No campo da tecnologia, há mais de um ano se arrasta a disputa sobre a Huawei, o gigante chinês do qual os EUA suspeitam que pode agir como cavalo de Troia nos terminais e nas redes 5G ocidentais; uma disputa em que Washington pressiona seus aliados para que recusem as ofertas chinesas e que em Pequim é vista como uma tentativa de neutralizar um competidor que tomou a dianteira. Somente o acordo comercial continua em andamento por enquanto, ainda que preso por um fio e apesar de Trump declarar que não tem nenhum interesse para avançar à fase dois do pacto.


A China considera que sua ascensão corrige injustiças históricas e devolve o país ao lugar que historicamente lhe corresponde. Há tempos – e, evidentemente, desde o começo da guerra comercial – chegou também à conclusão de que os Estados Unidos são uma potência decadente que quer impedir a ascensão da China no cenário global para não perder suas vantagens. É uma convicção generalizada: tão ubíqua entre os círculos de poder como nas conversas das pessoas comuns. E Pequim responde – e se antecipa – com uma assertividade crescente, que aumentou notavelmente durante a pandemia. Os Estados Unidos, por sua vez, acham que Pequim ameaça seus interesses estratégicos e compete de maneira injusta no âmbito comercial.


Com a deterioração da relação, isso também ocorreu com a percepção mútua das duas sociedades. Um estudo do Pew Research Center de abril apontava que 66% dos norte-americanos têm opinião desfavorável sobre a China – a maior proporção desde que a pesquisa começou, em 2005 –, contra 26% que a vê como positiva. Por sua vez, uma pesquisa da Universidade Renmin de Pequim entre uma centena de acadêmicos chineses mostra que 62% deles acredita que os Estados Unidos querem lançar uma guerra fria contra seu país.


Nesse momento, o novo entendimento é que as relações entre a China e os Estados Unidos “não voltarão a ser as mesmas”, disse, citado pelo jornal Global Times, Liu Weidong, um dos pesquisados e associado à Academia Chinesa de Ciências Sociais, um dos grandes laboratórios estatais de ideias.


E se Trump perder a reeleição em 3 de novembro? Os dados do Pew evidenciam que as frentes entre os dois países vão além da agenda trumpista e Joe Biden, concorrente democrata à Casa Branca, transmitiu uma dura mensagem contra o regime de Xi Jinping.

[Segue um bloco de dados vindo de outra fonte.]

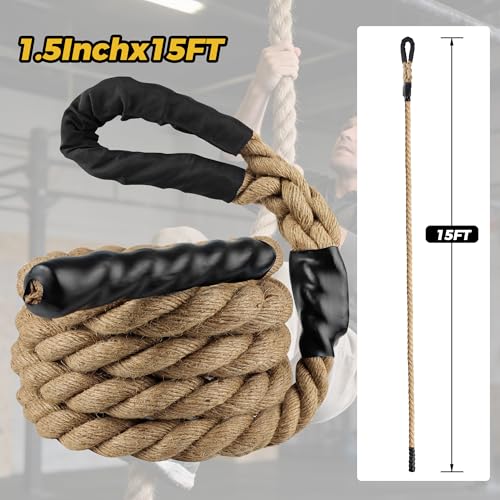 Climbing Rope 1.5 Inch Diameter - 10FT / 15FT Heavy Duty Gym Climbing Rope for Fitness & Strength Training Professional Workout Rope for Adults & Kids - Ideal for Home Gym, Outdoor & Indoor Exercises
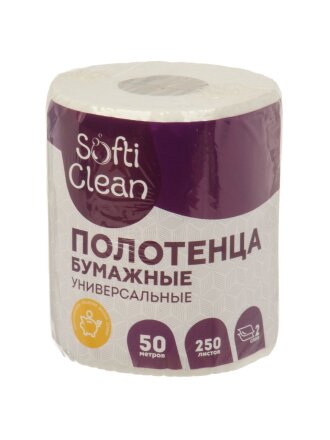 Полотенце бумажное 2 слоя, 1 рулон, 50 м, Softi Clean, 4658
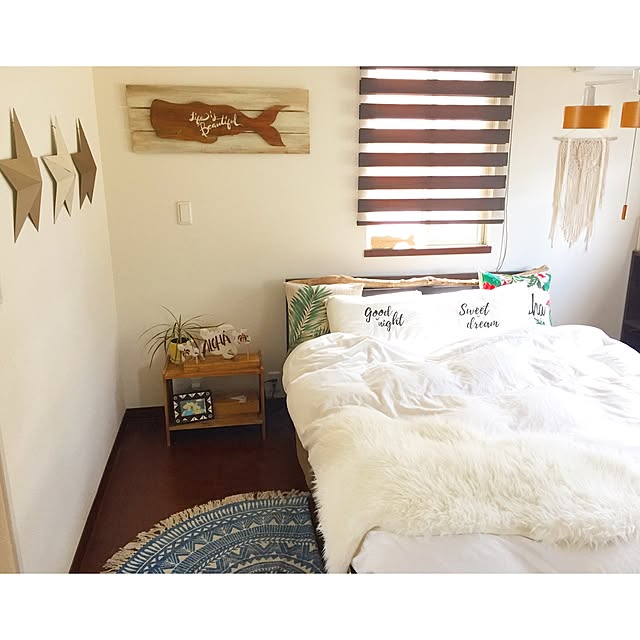 Bedroom,西海岸インテリア,handmade,ロンハーマン,DIY,カリフォルニアスタイル,beach house,RH,ボヘミアンビーチインテリア,観葉植物,サーファーズハウス,ビンテージ,ボヘミアン,Boho Style,BAY FLOW,カフェ風,ラウンドラグ,ラウンドマット,ナチュラル,西海岸,WTW,ビーチインテリア,ハワイアン,Hawaiian,BOHO,ハワイアンインテリア,ハンドメイド,インスタ→sunny_smile0509,インテリア雑貨,DIY女子,Instagramやってます sunny_smileの部屋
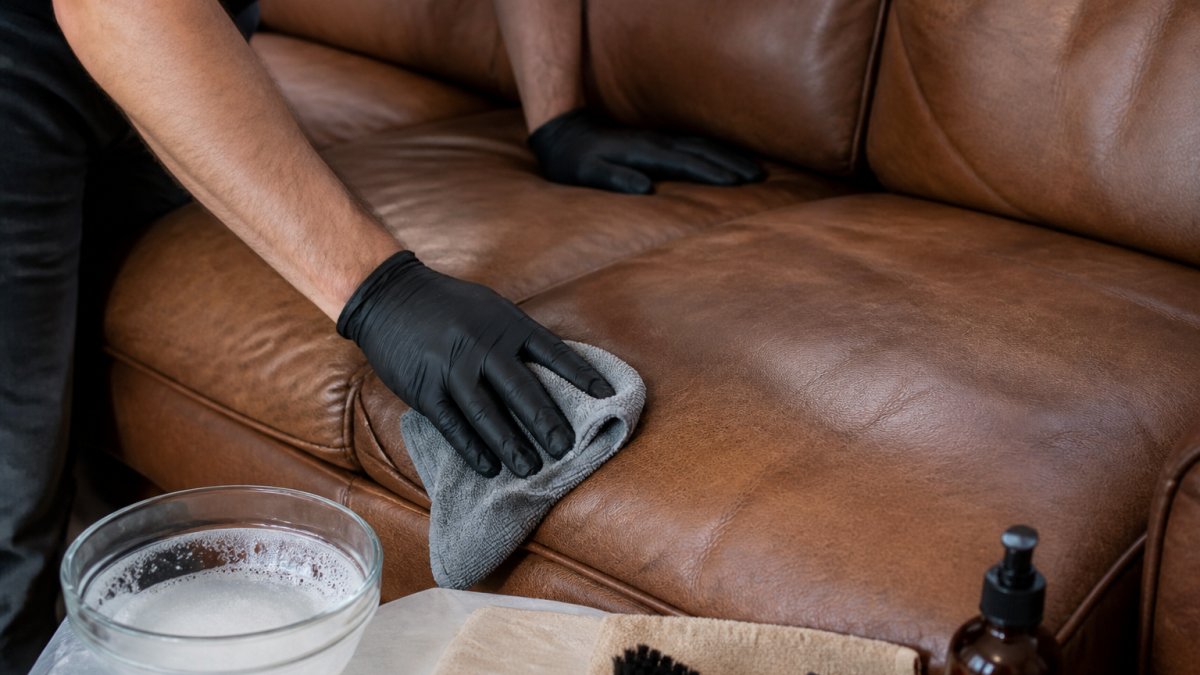 Close-up of a person's hands using a soft cloth to gently clean a leather sofa cushion, with a small bowl of soapy water nearby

Hufbauer dá como certo que essa guerra fria continuará com Biden na presidência. “A retórica e a ênfase serão possivelmente diferentes. Biden falaria de comércio, mas certamente falaria mais de Hong Kong, e dos uigures, das condições de trabalho, meio ambiente… Mudaria a conversa, mas a guerra comercial não desaparecerá”, opina. Biden, para começar, apresentou um programa econômico que abraça parte do nacionalismo econômico de Trump sob o lema “compre produtos americanos”.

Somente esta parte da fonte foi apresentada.